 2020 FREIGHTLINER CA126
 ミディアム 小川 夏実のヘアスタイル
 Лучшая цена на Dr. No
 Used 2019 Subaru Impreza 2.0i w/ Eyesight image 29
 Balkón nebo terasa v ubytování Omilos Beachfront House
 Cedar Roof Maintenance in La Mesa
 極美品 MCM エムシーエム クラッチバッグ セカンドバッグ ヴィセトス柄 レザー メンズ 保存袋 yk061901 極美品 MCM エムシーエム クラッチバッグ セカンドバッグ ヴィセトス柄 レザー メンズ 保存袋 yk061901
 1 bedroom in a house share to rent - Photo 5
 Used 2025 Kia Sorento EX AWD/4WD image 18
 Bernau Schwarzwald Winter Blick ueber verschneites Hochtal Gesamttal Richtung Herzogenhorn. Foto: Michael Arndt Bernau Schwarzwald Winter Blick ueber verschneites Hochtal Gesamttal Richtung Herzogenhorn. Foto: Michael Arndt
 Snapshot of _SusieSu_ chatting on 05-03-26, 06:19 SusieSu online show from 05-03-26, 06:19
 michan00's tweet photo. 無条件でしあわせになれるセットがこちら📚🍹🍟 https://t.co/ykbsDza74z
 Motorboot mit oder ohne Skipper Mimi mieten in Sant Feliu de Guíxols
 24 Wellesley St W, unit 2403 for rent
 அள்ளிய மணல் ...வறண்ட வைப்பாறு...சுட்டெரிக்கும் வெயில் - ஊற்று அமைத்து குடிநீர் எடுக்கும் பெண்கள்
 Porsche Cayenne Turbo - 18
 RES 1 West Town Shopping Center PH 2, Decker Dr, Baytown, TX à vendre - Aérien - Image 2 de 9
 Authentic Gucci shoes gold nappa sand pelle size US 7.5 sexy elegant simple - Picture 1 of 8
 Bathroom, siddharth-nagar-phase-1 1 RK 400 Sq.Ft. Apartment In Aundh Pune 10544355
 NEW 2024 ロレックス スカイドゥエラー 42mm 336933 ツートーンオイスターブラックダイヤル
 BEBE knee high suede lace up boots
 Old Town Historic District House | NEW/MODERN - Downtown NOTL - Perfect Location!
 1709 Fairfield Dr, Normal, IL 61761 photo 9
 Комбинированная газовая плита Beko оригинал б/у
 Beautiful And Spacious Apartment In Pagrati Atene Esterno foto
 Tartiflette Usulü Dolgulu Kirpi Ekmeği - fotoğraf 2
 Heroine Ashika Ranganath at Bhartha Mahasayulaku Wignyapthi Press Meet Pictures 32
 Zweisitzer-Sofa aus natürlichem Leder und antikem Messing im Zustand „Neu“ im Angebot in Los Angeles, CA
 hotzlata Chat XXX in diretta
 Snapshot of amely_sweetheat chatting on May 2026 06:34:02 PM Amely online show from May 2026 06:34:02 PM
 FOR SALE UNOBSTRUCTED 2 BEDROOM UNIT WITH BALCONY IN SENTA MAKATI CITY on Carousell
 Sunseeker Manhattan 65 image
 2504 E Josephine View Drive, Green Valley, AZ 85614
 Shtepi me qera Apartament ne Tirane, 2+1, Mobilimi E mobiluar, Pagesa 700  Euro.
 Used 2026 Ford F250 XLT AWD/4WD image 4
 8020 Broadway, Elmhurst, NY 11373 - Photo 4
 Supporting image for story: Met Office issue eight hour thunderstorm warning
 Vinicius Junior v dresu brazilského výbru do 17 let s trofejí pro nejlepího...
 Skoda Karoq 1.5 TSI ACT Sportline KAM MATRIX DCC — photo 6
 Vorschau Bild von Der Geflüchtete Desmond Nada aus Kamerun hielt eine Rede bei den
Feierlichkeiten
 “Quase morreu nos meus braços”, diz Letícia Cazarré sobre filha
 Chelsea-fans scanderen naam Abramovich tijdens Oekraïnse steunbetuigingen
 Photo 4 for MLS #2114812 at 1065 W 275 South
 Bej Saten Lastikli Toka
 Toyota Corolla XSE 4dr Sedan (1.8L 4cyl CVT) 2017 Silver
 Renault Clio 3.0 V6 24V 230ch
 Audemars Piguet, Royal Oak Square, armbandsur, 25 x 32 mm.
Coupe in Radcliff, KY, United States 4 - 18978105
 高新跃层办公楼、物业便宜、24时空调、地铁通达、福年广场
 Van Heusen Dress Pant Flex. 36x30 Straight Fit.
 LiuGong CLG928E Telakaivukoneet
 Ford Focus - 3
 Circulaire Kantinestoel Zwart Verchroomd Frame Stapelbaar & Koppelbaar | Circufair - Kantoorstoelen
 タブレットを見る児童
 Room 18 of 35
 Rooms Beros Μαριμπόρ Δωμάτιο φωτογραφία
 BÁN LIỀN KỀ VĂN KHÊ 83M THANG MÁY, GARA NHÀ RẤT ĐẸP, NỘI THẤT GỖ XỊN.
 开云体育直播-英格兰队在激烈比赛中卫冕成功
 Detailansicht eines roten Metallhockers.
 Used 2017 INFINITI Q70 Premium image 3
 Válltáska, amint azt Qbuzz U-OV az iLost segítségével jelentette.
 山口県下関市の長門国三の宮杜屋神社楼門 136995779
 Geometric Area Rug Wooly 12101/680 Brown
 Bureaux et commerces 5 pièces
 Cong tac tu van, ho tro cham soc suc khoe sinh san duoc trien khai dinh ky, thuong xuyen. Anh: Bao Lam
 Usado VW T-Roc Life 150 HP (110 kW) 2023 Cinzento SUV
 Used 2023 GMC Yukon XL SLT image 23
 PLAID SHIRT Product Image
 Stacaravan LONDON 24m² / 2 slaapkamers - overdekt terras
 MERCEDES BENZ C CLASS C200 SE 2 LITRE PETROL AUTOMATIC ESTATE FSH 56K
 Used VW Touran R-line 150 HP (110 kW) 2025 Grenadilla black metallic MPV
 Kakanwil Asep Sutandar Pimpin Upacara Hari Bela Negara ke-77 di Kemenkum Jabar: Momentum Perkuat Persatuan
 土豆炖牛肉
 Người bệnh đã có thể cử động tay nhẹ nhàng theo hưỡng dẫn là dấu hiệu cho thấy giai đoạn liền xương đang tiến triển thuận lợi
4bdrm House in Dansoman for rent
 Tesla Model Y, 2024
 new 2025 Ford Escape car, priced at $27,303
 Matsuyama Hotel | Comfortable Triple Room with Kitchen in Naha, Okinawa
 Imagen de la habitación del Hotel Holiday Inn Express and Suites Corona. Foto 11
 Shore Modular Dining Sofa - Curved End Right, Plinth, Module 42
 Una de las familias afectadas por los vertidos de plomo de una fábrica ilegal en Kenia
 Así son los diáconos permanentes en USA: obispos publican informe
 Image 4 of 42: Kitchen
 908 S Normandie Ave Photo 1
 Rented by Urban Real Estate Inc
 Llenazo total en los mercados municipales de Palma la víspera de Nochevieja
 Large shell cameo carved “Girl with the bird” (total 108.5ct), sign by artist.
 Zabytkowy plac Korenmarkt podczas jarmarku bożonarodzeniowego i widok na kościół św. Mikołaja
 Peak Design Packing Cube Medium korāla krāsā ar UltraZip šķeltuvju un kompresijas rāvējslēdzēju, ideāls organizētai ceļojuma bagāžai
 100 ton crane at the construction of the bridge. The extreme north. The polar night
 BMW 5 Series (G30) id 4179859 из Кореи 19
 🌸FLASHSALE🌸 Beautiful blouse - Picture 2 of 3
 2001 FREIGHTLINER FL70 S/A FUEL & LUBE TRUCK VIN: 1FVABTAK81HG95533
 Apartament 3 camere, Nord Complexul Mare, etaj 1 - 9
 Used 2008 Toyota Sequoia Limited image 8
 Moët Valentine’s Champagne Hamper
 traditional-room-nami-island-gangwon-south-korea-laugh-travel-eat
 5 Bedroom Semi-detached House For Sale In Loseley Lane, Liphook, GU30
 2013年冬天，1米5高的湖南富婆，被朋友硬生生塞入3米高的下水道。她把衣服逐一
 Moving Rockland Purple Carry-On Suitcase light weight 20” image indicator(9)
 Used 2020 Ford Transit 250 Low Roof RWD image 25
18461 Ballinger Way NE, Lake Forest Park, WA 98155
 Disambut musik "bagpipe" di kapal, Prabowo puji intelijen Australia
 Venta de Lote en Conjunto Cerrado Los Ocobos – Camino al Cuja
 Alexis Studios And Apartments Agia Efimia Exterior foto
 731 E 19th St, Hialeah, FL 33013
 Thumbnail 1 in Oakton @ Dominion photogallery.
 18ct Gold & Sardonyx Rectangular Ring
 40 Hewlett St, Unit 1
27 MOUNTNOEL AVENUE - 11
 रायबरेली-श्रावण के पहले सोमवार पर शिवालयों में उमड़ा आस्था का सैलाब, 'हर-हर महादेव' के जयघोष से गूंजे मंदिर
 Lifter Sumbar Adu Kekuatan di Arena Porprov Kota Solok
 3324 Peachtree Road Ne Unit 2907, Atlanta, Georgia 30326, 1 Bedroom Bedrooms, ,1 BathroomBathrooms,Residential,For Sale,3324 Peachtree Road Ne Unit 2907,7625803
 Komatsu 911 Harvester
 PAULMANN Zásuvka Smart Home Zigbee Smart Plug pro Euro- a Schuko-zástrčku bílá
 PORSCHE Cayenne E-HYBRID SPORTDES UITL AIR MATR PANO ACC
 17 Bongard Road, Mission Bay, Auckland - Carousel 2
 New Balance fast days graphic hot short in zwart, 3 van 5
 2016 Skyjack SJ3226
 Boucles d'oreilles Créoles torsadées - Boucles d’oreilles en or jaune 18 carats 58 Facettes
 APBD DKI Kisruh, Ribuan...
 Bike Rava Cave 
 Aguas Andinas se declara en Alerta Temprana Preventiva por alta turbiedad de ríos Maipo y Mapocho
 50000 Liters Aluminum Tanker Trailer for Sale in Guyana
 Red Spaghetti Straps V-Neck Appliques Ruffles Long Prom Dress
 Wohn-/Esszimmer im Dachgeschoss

==================================================

| TASK DETAILS |
Check the data for the word "total" and pull out the lines that have it.

| SOLVED PROBLEM |
 Llenazo total en los mercados municipales de Palma la víspera de Nochevieja
 Large shell cameo carved “Girl with the bird” (total 108.5ct), sign by artist.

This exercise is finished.